─── SUPPLIED RECORDS ───

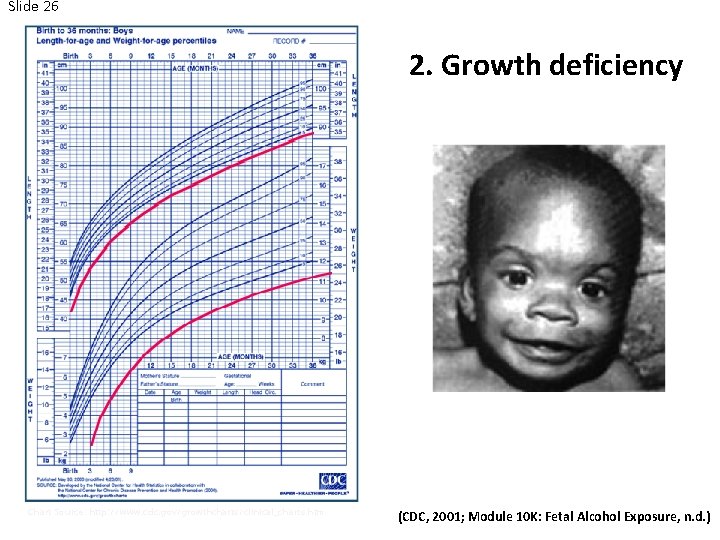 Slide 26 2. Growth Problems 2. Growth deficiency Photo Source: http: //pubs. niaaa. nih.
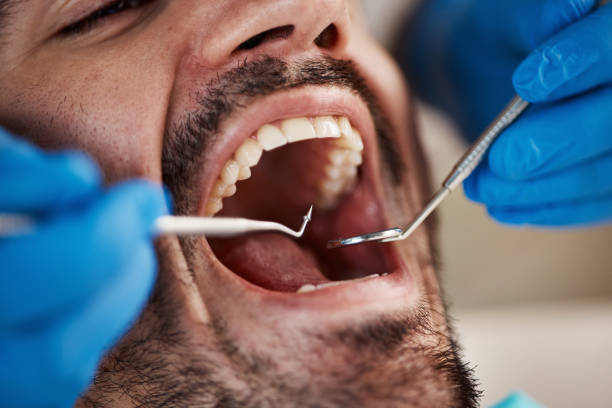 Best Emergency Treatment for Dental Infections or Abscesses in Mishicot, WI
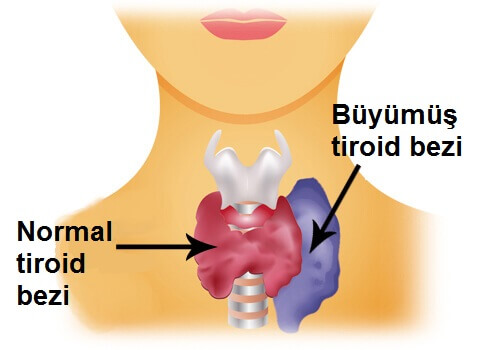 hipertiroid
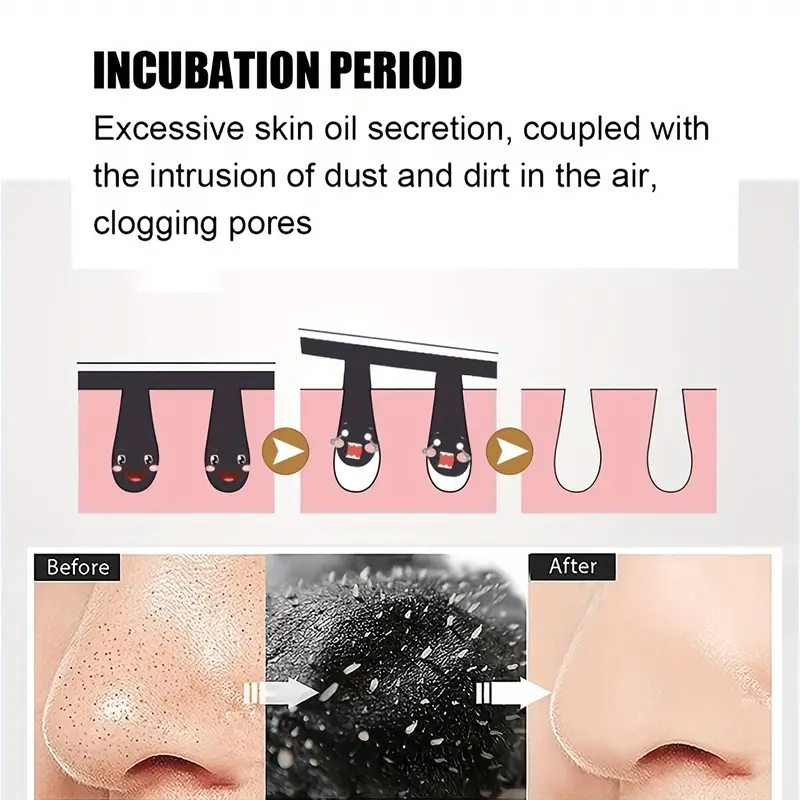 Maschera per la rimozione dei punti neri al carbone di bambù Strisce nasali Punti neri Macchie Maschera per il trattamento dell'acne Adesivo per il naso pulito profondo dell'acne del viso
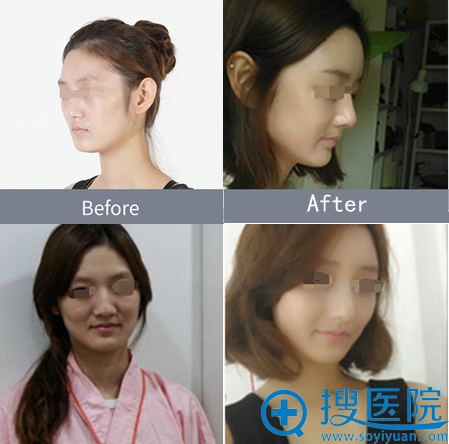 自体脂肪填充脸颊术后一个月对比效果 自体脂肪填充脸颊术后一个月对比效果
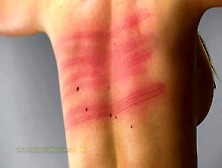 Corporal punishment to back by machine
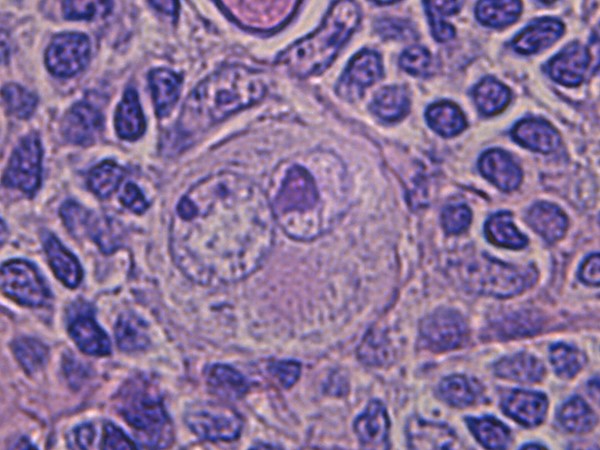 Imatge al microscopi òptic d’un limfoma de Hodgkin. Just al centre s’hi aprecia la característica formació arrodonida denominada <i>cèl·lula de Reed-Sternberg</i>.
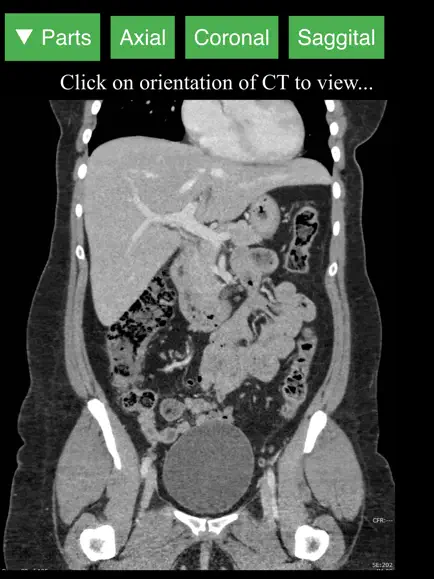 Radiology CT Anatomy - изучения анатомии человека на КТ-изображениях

───

**EXERCISE REQUIREMENTS:**
Using the records above, retype everything exactly except the pictures.

**RESPONSE:**
 Slide 26 2. Growth Problems 2. Growth deficiency Photo Source: http: //pubs. niaaa. nih.
 Best Emergency Treatment for Dental Infections or Abscesses in Mishicot, WI
 hipertiroid
 Maschera per la rimozione dei punti neri al carbone di bambù Strisce nasali Punti neri Macchie Maschera per il trattamento dell'acne Adesivo per il naso pulito profondo dell'acne del viso
 自体脂肪填充脸颊术后一个月对比效果 自体脂肪填充脸颊术后一个月对比效果
 Corporal punishment to back by machine
 Imatge al microscopi òptic d’un limfoma de Hodgkin. Just al centre s’hi aprecia la característica formació arrodonida denominada <i>cèl·lula de Reed-Sternberg</i>.
 Radiology CT Anatomy - изучения анатомии человека на КТ-изображениях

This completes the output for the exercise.